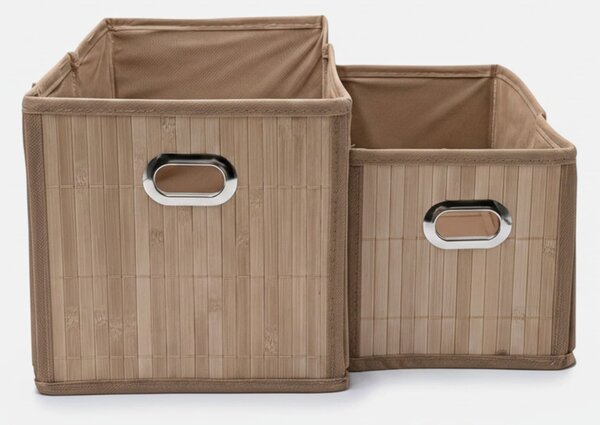 Sinsay - Sada úložných boxů s bambusovou přední částí 2 pack - béžová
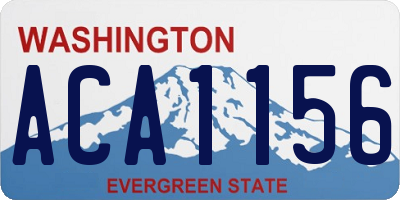 WA license plate ACA1156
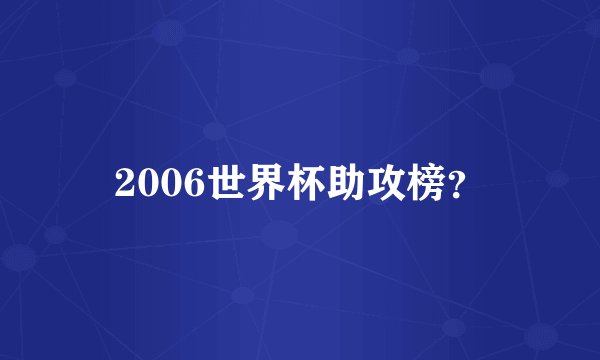 2006世界杯助攻榜？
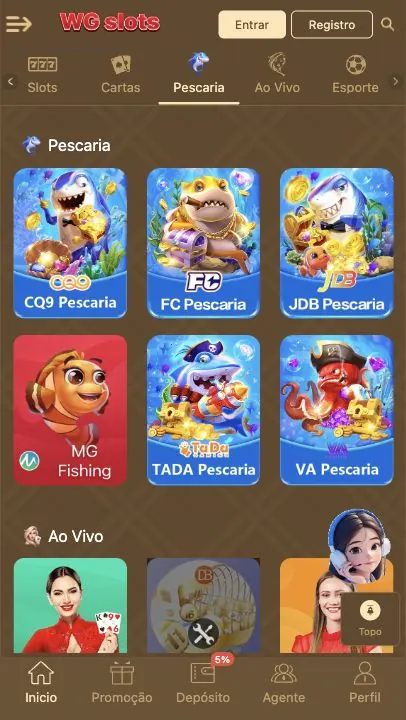 WG Slots: captura do site (celular)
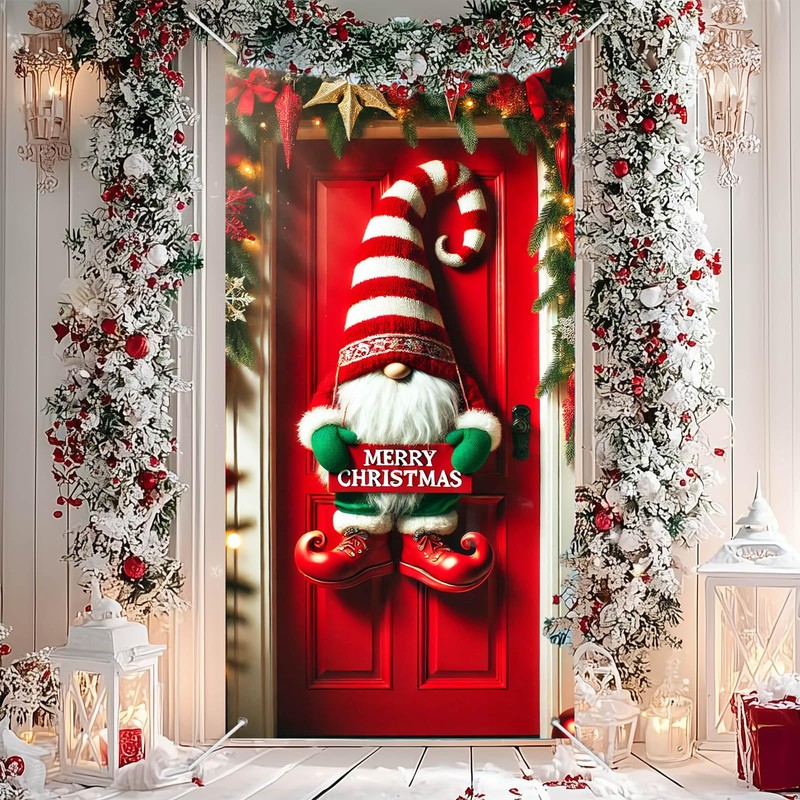 Christmas Door Cover Gnome Stripes 35x71 Inch Polyester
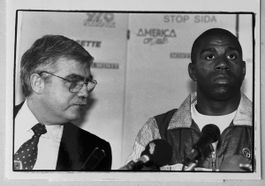 Pressefoto, Basketball - Ikone, Magic Johnson in Genf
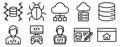 Developer Icon Set Line Style Collection representing coding software creation and technical skills suitable for programming Royalty Free Stock Photo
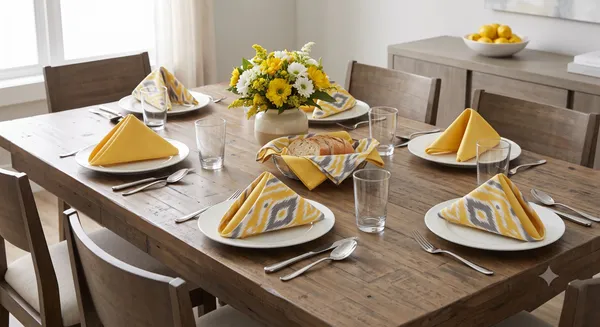 Pack_of_12_Pieces_Cotton_Yellow_3_Ikat_Printed_and_Plain_Napkin_Set_for_Dining_and_Kitchen
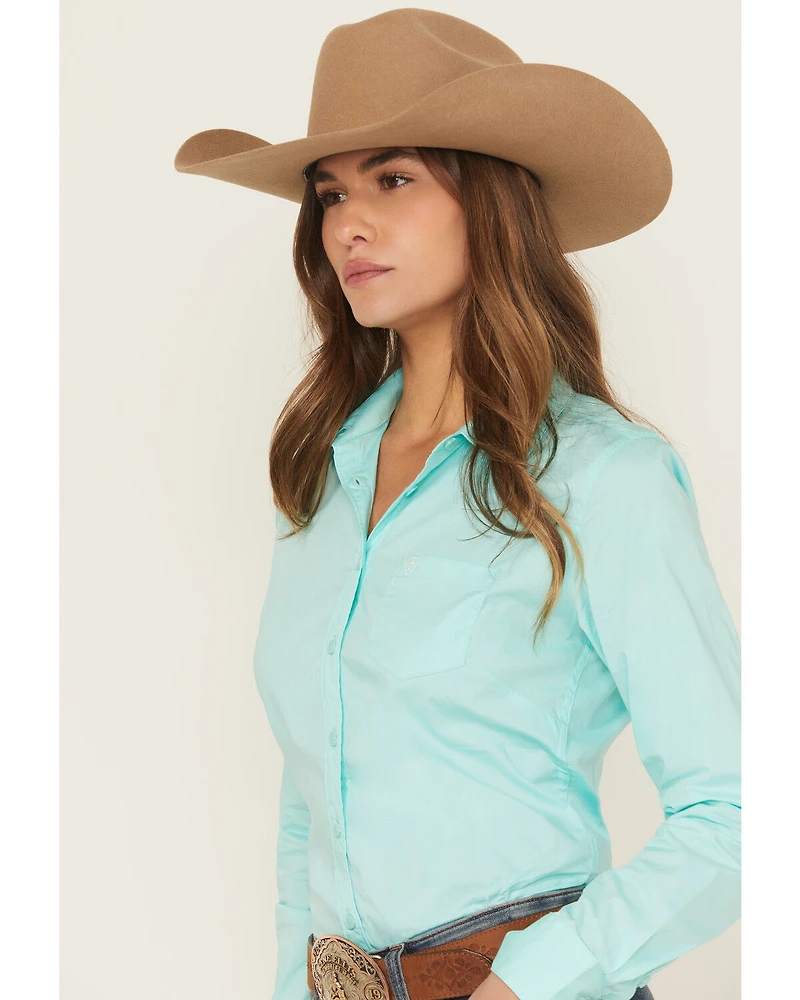 Ariat Women's Boot Barn Exclusive Solid Kirby Long Sleeve Button-Down Stretch Western Shirt
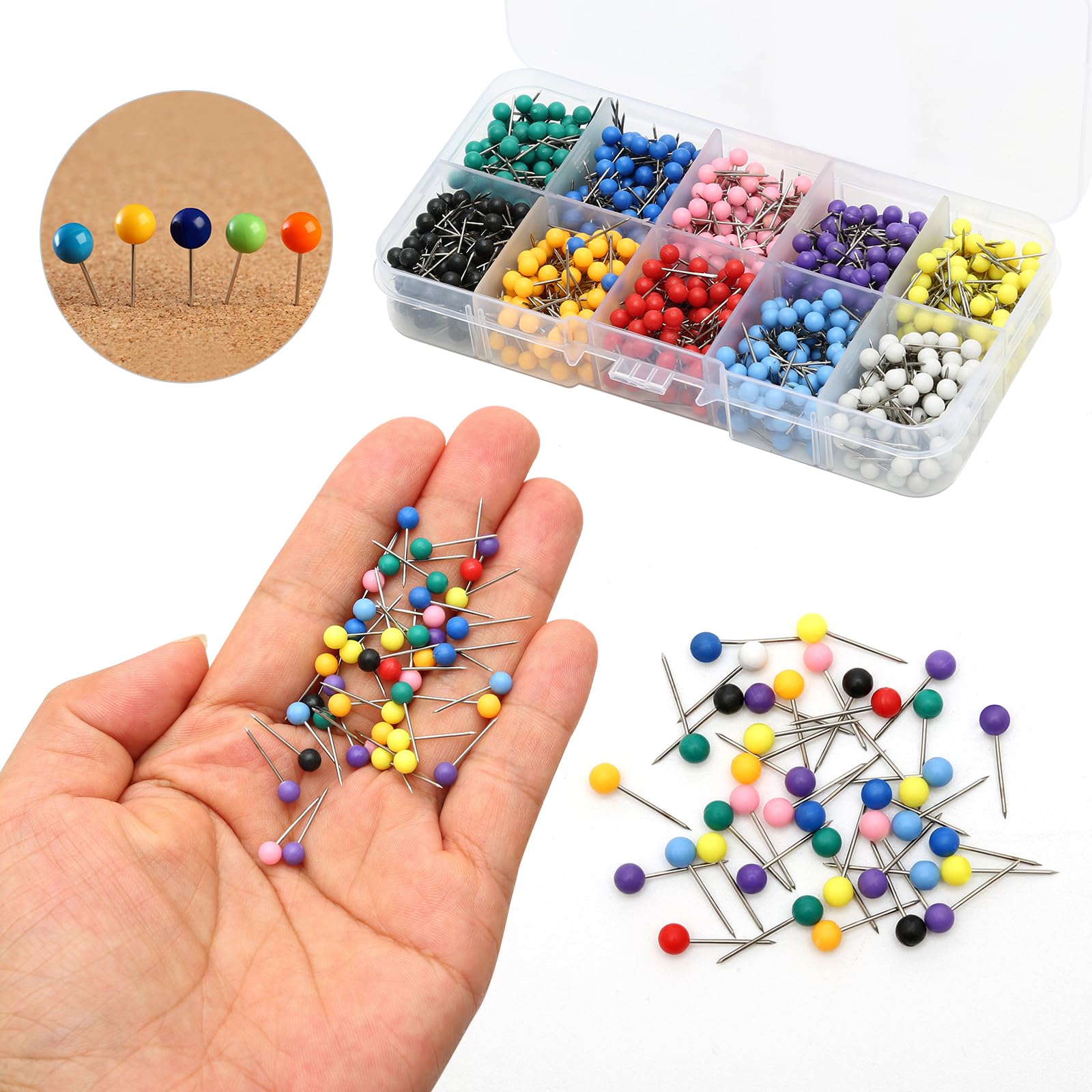 500 Puntine Da Disegno Colorate - Testa 4mm, Acciaio Inox, Per Mappe, Lavagne, Bacheche, Multicolore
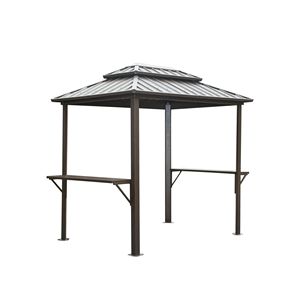 Aluminum BBQ Gazebo with 8' 6" Double <b>Roof</b> Hard Top Outdoor Metal Frame Shelves & Serving Tables Permanent <b>Canopy</b> & Pergola - Product Image 1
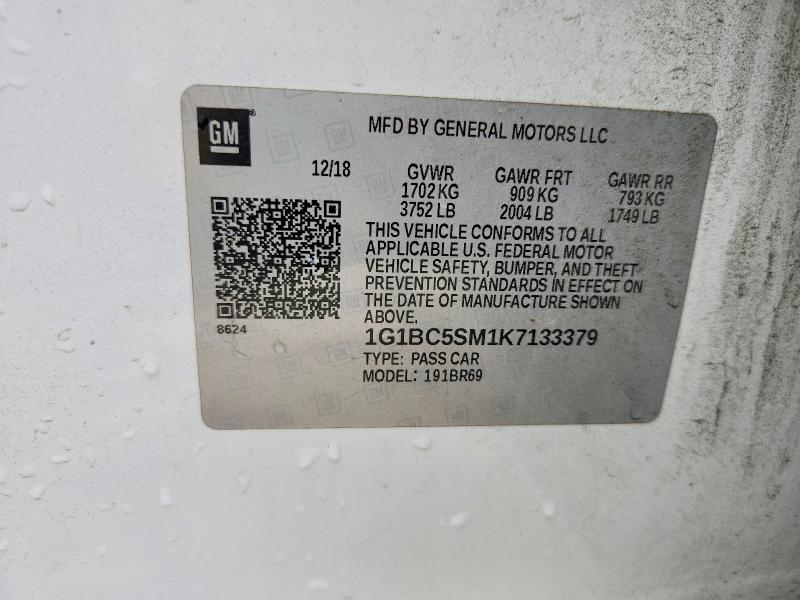 Продажа на аукционе авто 2019 Chevrolet Cruze, vin: 1G1BC5SM1K7133379, номер лота: 51764466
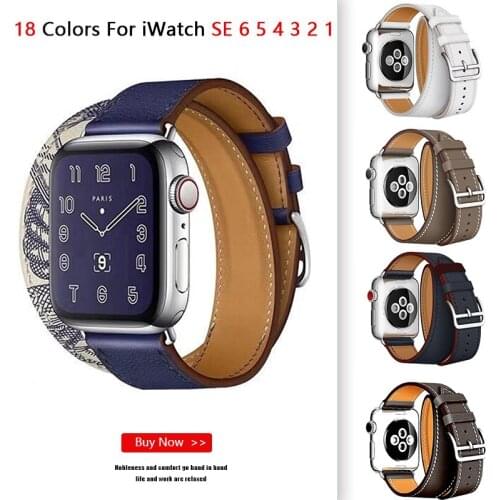 Double Tour Leather Strap For Apple Watch 6 Band 44/42/40/38mm Soft Watchband Belt Bracelet for iWatch Bands Series 6 SE 5 4 3 2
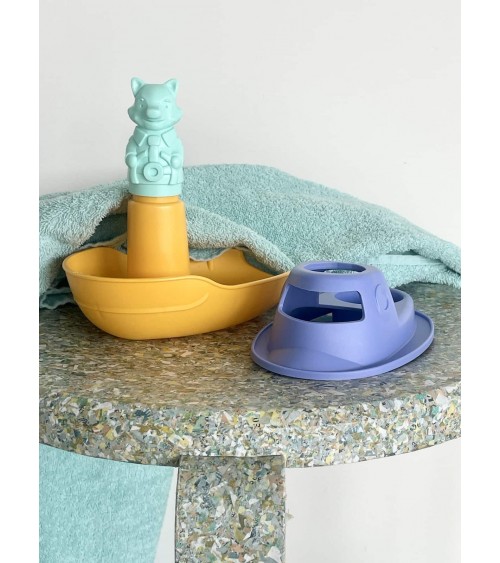 Bateau 2 en 1 - Jaune & Bleu - Jouet pour le bain Le Jouet Simple idée cadeau original suisse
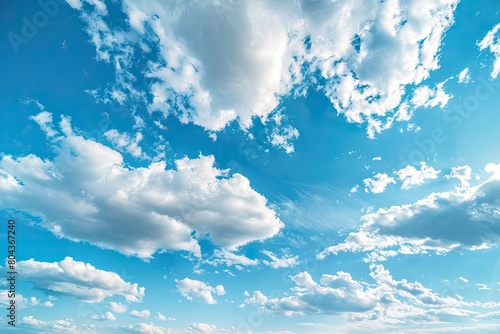 A tranquil landscape with electric blue sky and fluffy white cumulus clouds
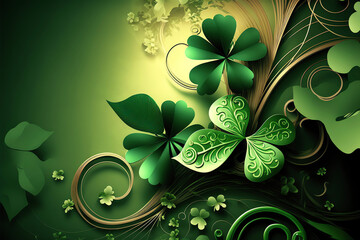 A green background with fantasy clover leaves. Saint Patricks Day concept. Created with Generative AI.
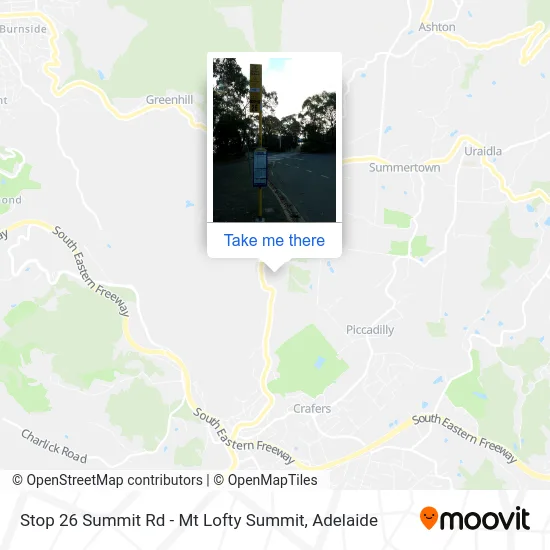 Mapa Stop 26 Summit Rd - Mt Lofty Summit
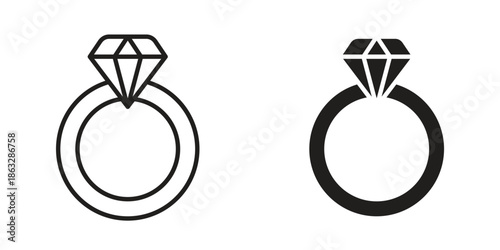 Diamond ring icons Black symbol on transparent background. EPS10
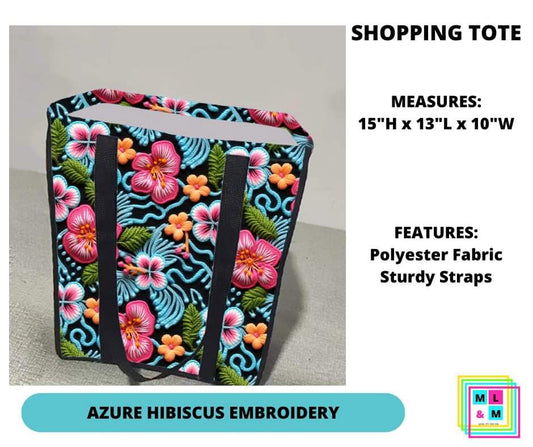 Azure Hibiscus Embroidery Shopping Tote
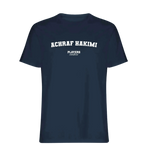 Achraf Hakimi t-shirt – navy men's t-shirt with white Achraf Hakimi letters and Players Couture logo on the chest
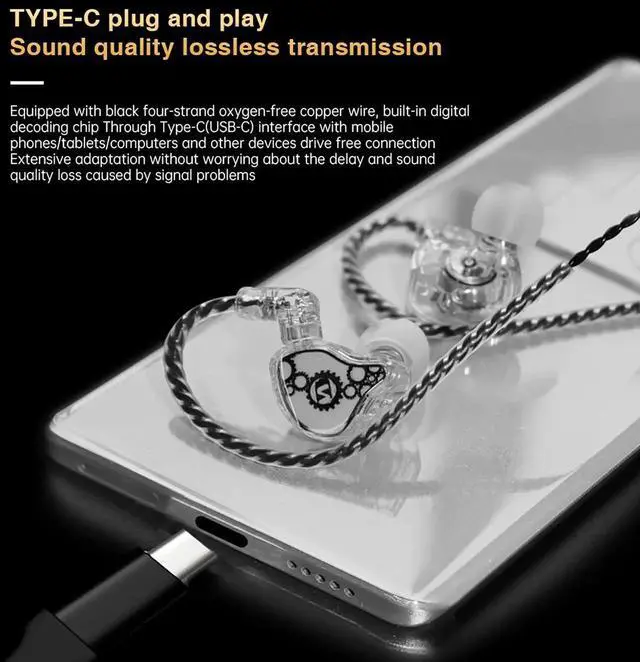 Alt view image 5 of 7 - ND Venus In Ear Monitor Headphones, 10mm Double Magnetic Dynamic Driver IEM Earphones, HiFi Wired Gaming Earbuds, 2 Pin Detachable Cable with Microphone, USB-C Plug, Blue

======

■ Task prompt: Verbatim output of every entry above is required, though pictures are to be left out.

■ Answer to the exercise:
 Sinsay - Sada úložných boxů s bambusovou přední částí 2 pack - béžová
 WA license plate ACA1156
 2006世界杯助攻榜？
 WG Slots: captura do site (celular)
 Christmas Door Cover Gnome Stripes 35x71 Inch Polyester
 Pressefoto, Basketball - Ikone, Magic Johnson in Genf
 Developer Icon Set Line Style Collection representing coding software creation and technical skills suitable for programming Royalty Free Stock Photo
 Pack_of_12_Pieces_Cotton_Yellow_3_Ikat_Printed_and_Plain_Napkin_Set_for_Dining_and_Kitchen
 Ariat Women's Boot Barn Exclusive Solid Kirby Long Sleeve Button-Down Stretch Western Shirt
 500 Puntine Da Disegno Colorate - Testa 4mm, Acciaio Inox, Per Mappe, Lavagne, Bacheche, Multicolore
 Aluminum BBQ Gazebo with 8' 6" Double <b>Roof</b> Hard Top Outdoor Metal Frame Shelves & Serving Tables Permanent <b>Canopy</b> & Pergola - Product Image 1
 Продажа на аукционе авто 2019 Chevrolet Cruze, vin: 1G1BC5SM1K7133379, номер лота: 51764466
 Double Tour Leather Strap For Apple Watch 6 Band 44/42/40/38mm Soft Watchband Belt Bracelet for iWatch Bands Series 6 SE 5 4 3 2
 Bateau 2 en 1 - Jaune & Bleu - Jouet pour le bain Le Jouet Simple idée cadeau original suisse
 A tranquil landscape with electric blue sky and fluffy white cumulus clouds
 A green background with fantasy clover leaves. Saint Patricks Day concept. Created with Generative AI.
 Mapa Stop 26 Summit Rd - Mt Lofty Summit
 Diamond ring icons Black symbol on transparent background. EPS10
 Azure Hibiscus Embroidery Shopping Tote
 Achraf Hakimi t-shirt – navy men's t-shirt with white Achraf Hakimi letters and Players Couture logo on the chest
 Alt view image 5 of 7 - ND Venus In Ear Monitor Headphones, 10mm Double Magnetic Dynamic Driver IEM Earphones, HiFi Wired Gaming Earbuds, 2 Pin Detachable Cable with Microphone, USB-C Plug, Blue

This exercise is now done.